Félix Tshisekedi a présidé, dans la nuit du 18 au 19 mai 2026, une réunion de crise à la Cité de l’Union africaine, consacrée à la situation sanitaire préoccupante signalée dans certaines zones des provinces du Nord-Kivu et de l’Ituri. Plusieurs cas suspects y font actuellement l’objet d’analyses et d’investigations approfondies afin de déterminer un éventuel lien avec la Maladie à virus Ebola.
Selon la Présidence de la République, cette réunion d’urgence visait à évaluer l’évolution de la situation sanitaire dans les zones concernées et à coordonner les premières mesures de riposte. Le Chef de l’État a instruit le gouvernement de déployer sans délai tous les moyens nécessaires pour renforcer le dispositif sanitaire sur le terrain.
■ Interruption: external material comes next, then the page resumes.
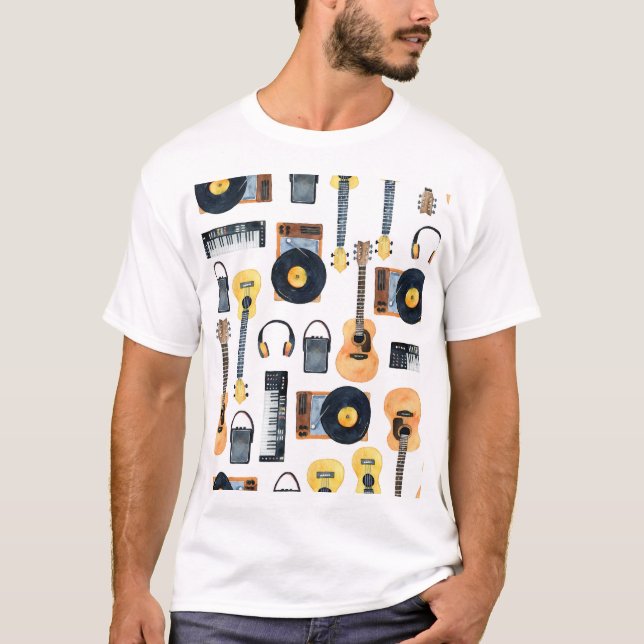 T-shirt Instruments de musique : aquarelle transparente (Devant)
L’objectif, selon les autorités, est de contenir rapidement toute propagation éventuelle de la maladie, tout en assurant une prise en charge efficace des populations affectées.
Les équipes sanitaires poursuivent actuellement les opérations de surveillance épidémiologique ainsi que les analyses biologiques destinées à confirmer ou non la présence du virus Ebola.
Au cours de cette rencontre, le président de la République a également appelé la population au calme et à la vigilance. Il a exhorté les citoyens au strict respect des mesures de prévention recommandées par les autorités sanitaires, notamment dans les zones sous surveillance.
« Le Gouvernement doit mettre immédiatement en œuvre toutes les mesures nécessaires pour renforcer la riposte sanitaire, contenir la propagation de la maladie et assurer une prise en charge rapide des populations concernées », a indiqué la Présidence dans une communication officielle.
Les services compétents assurent que les investigations se poursuivent afin de mieux évaluer l’ampleur de la situation et d’adapter la réponse sanitaire en conséquence. Aucune confirmation officielle d’une épidémie d’Ebola n’avait encore été annoncée au moment de la tenue de cette réunion de crise.
Les provinces du Nord-Kivu et de l’Ituri ont déjà été touchées par plusieurs flambées de la maladie à virus Ebola au cours des dernières années. Ces épidémies ont souvent représenté un défi majeur pour les autorités sanitaires congolaises en raison de l’insécurité persistante et des déplacements de populations dans l’est du pays.
Les autorités sanitaires nationales, en collaboration avec leurs partenaires, restent mobilisées afin de prévenir toute aggravation de la situation et de protéger les communautés exposées.